But the question remains: exactly how can exhibitors and organizers make the most of the tradeshow?
We at the Hughes Group suggest a new approach: treat your booth as you would your own living room. That is to say, with warmth, selectivity, privacy, and an individualized approach.
As exhibitors, costumer outreach at a trade show traditionally involves big, bold signage meant to reach as many viewers as possible in a short window of time and space—much like a gigantic, simplistic billboard posted on a highway to attract passerby.
Unfortunately, this billboard-like approach is no longer competition for the masses of information accessible on the web and within the trade show itself.
You want to maximize your limited resources, so why not change the booth from a random highway stand to a unique destination?
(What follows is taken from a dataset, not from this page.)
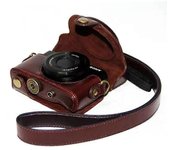 Funda de cuero PU retro para Sony DSC-RX100 VII M7RX100II M2 RX100 M3 RX100III M4 M5 M5A M6 Buttom Case Strap Bandolera Café oscuro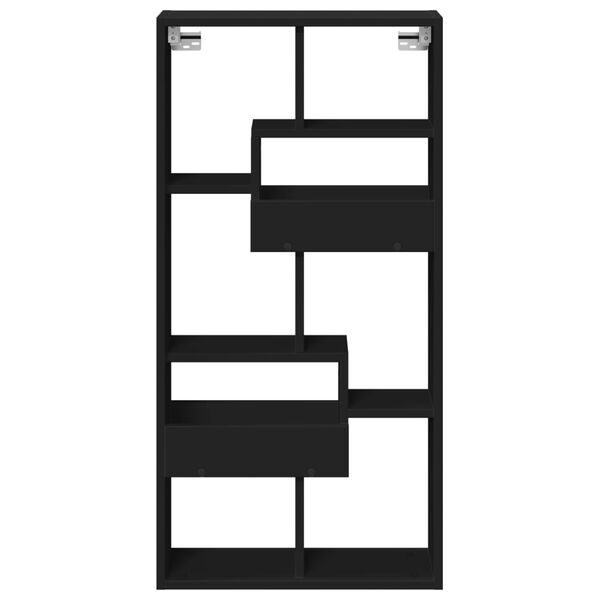 vidaXL Armoire murale noir 50x15x100 cm bois d'ing&eacute;nierie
This way, you can guarantee a smaller number and higher quality of attendees, and in turn secure a higher ROI.
The concept of a booth as a living room means that the booth is personalized, directed at a specific audience, and utilizes face-to-face interaction over an over-simplified visual expression of your business, be it through signage or the design of the booth.
Sales are based on human interaction, and a cornerstone of human interaction is trust. No one trusts someone they don’t know—especially if the sale or product is large and complex. By making a visitor feel safe and welcome into your “living room,” rather than an anonymous passerby glancing at a billboard, you will automatically set up a context of trust. By investing in the subtle human aspect over the blunt, architectural aspects of your booth, you are creating a totally different experience. You are seeking to understand the costumer rather than build the “right” signage. You are connecting the outside attendees inside your booth, which is different than hoping to randomly attract passerby. You are making the trade show experience deeper, more focused, and purposeful.
The big shift also requires organization. Since you are treating your booth as you would your living room, you must then plan your trade show attendance just as you would a party—by inviting all of the top executives you want to be there, scheduling their individual visits and giving them your complete focus once they arrive in order to build a quality connection.
Remember that the big shift is making the trade show about relationships—the more engaging they are personally and intellectually, the more you and the attendee get out of it. No length is too great to create a real, human-to-human connection. The same old tactics have a short shelf life, whereas an emotional connection has an endless, repeated return of investment. Why not create a more valuable emotional connection between your company or product and your clients?
Imagine how differently the attendee is going to feel when they are greeted with this personalized experience, rather than mindlessly scanned in as they arrive at your booth. Why not make them feel like your booth experience was set up just for them? The likelihood they will want to do business with you is far greater.
You offer something one-of-a-kind, so the booth experience must reflect this.